Fiesta scandal shouldn't tarnish all bowl games

There was an informal gathering of media and people with deep pockets Tuesday at Ferraro's restaurant during which a new logo celebrating the MAACO Bowl Las Vegas' 20th birthday was unveiled.

In a stunning development, it does not feature the iconic "Welcome to Fabulous Las Vegas" sign. The news release said the traditional logo would return in 2012, and so I was able to sleep with only minimal tossing and turning.

The new logo features two giant X's, or Julius Caesar 10's. If the bowl game survives another decade, it follows that there will be another logo, with three X's.

XXX. Las Vegas. Football. Think about it.

If John Junker, the disgraced former CEO of the Fiesta Bowl, survives another decade, this is when I predict MAACO Bowl Las Vegas executive director Tina Kunzer-Murphy will be ousted in a spectacular coup d'etat.

Junker once wrote a check embossed with the Fiesta Bowl logo to a strip joint. That takes a big blazer, friends. There were lavish dinners with fine meats and cheeses, lavish golf outings with Jack Nicklaus and lavish contributions to politicians, to keep it all quiet. The wrong guy must have gotten elected. There were accusations and investigations and pink slips, with Junker receiving one of those.

The ATM known as the Fiesta Bowl had to cough up more money to pay a fine and was put on probation -- for one whole year. Thus, I am convinced that had Bruno Hauptmann worn a yellow blazer when Charles Augustus Lindbergh Jr. was kidnapped in 1932, he would have not only beaten the rap but been given a preferential tee time at next year's "Fiesta Frolic."

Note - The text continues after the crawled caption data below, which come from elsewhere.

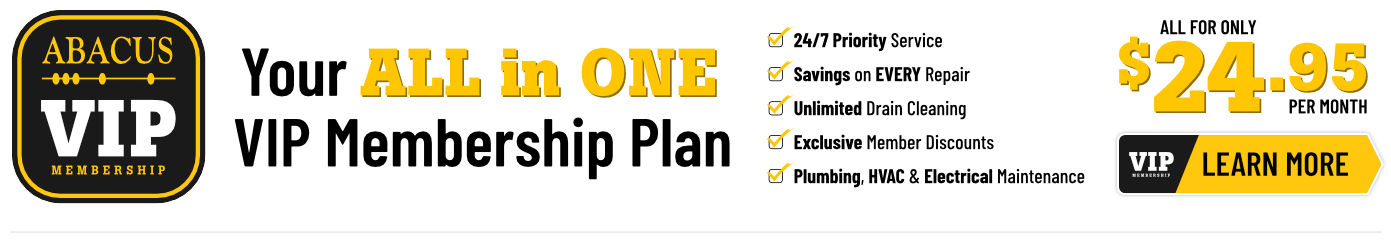 Your all in one VIP membership plan: 24/7 priority service, savings on every repair, unlimited drain cleaning, exclusive member discounts, plumbing, HVAC, & electrical maintenance. Click here to learn more.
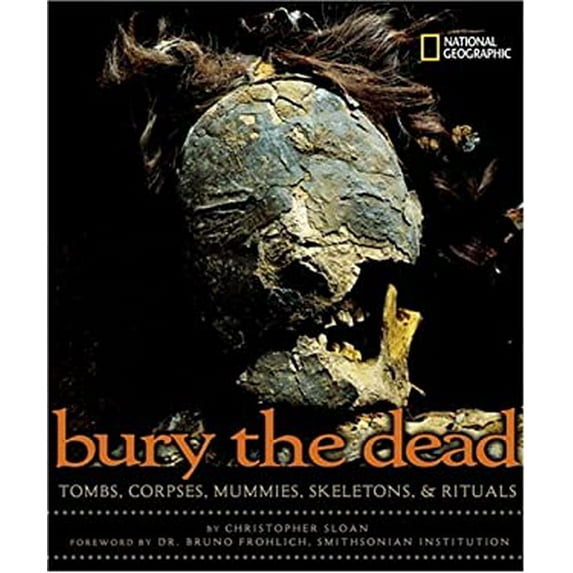 Pre-Owned Bury the Dead: Tombs, Corpses, Mummies, Skeletons, & Rituals (Hardcover) 0792271920 9780792271925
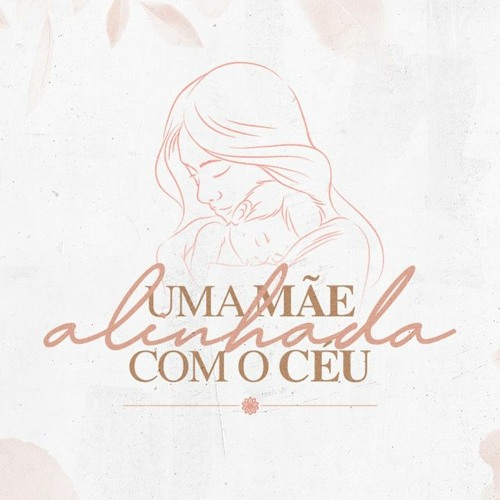 Uma Mãe Alinhada Com O Céu | Pr. Acyr Júnior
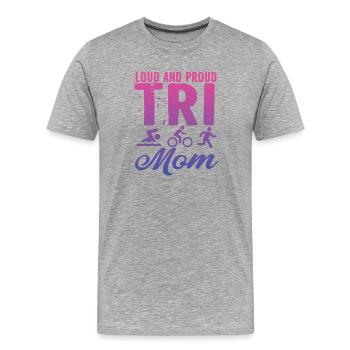 Loud And Proud Tri Mom Triathlete - Men's Premium Organic T-Shirt - heather grey - Front - Damien (186cm)
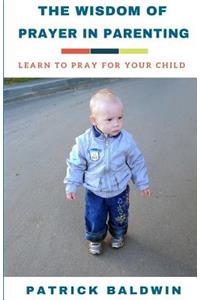 Wisdom of Prayer in Parenting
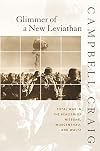 Glimmer of a New Leviathan: Total War in the Realism of Niebuhr, Morgenthau, and Waltz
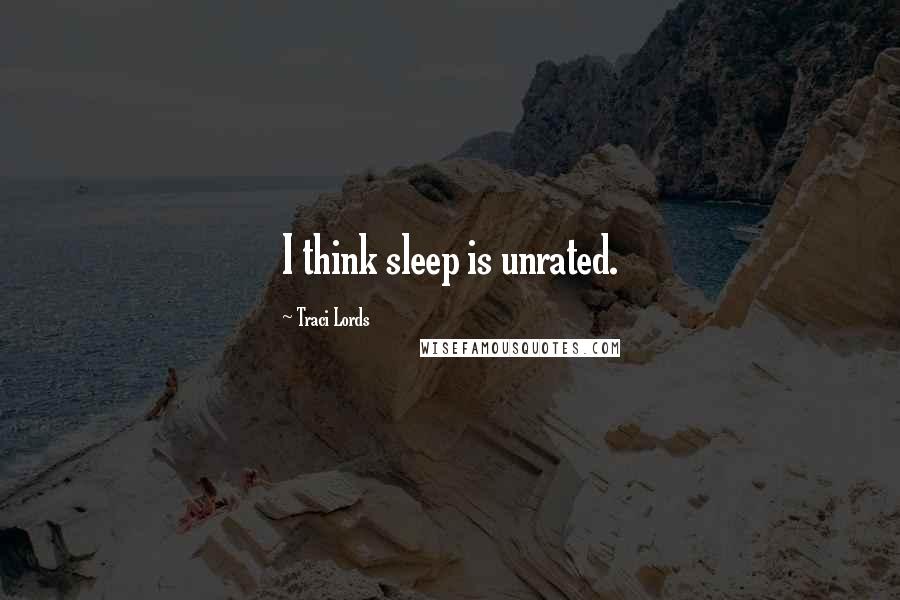 Traci Lords Quotes: I think sleep is unrated.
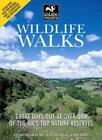 Wildlife Walks: Great Days Out at Over 500 of the UK's Top Nature Reserves By D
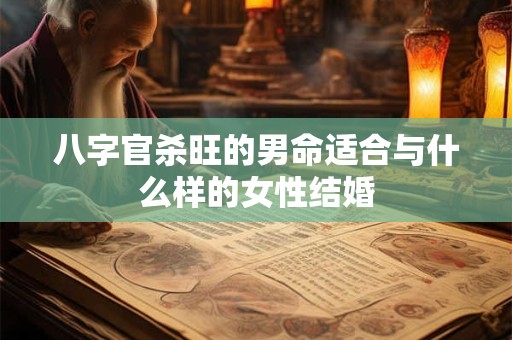 八字官杀旺的男命适合与什么样的女性结婚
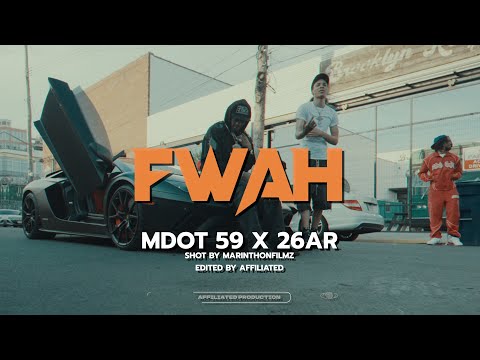 Mdot 59 x 26AR - FWAH (Official Music Video)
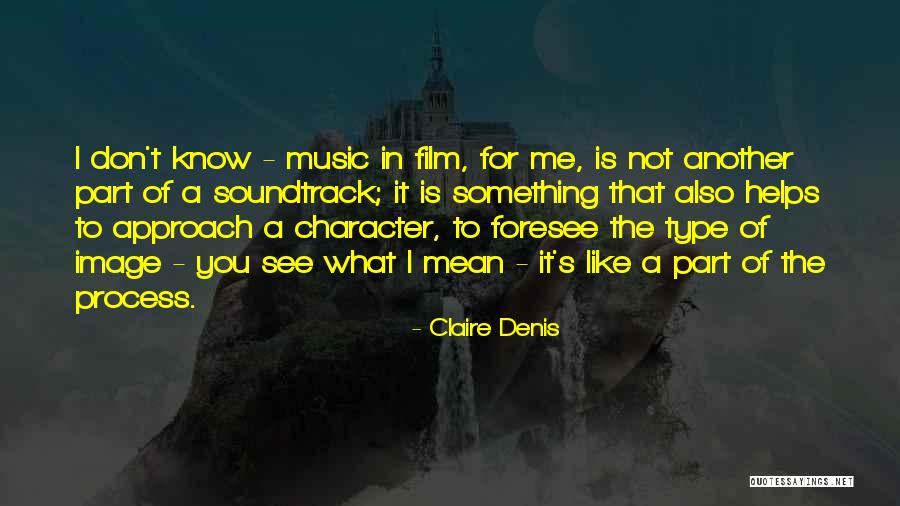 Her Soundtrack Quotes By Claire Denis Her Soundtrack Quotes By Claire Denis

Thanks to Junker, instead of discussing whether Anthony Calvillo -- the Most Valuable Player of Las Vegas Bowl II, who at last report was still winning Grey Cups in the Canadian Football League -- would be going into the new Las Vegas Bowl Hall of Fame on the first ballot, Kunzer-Murphy was asked if an independent investigation of her finances would turn up receipts for the Thunder Down Under all-male revue.

"No, no, no," she said, laughing. "You might see something for the drive-thru at In-N-Out, though."

Even legit people in the bowl business find themselves having to defend the system.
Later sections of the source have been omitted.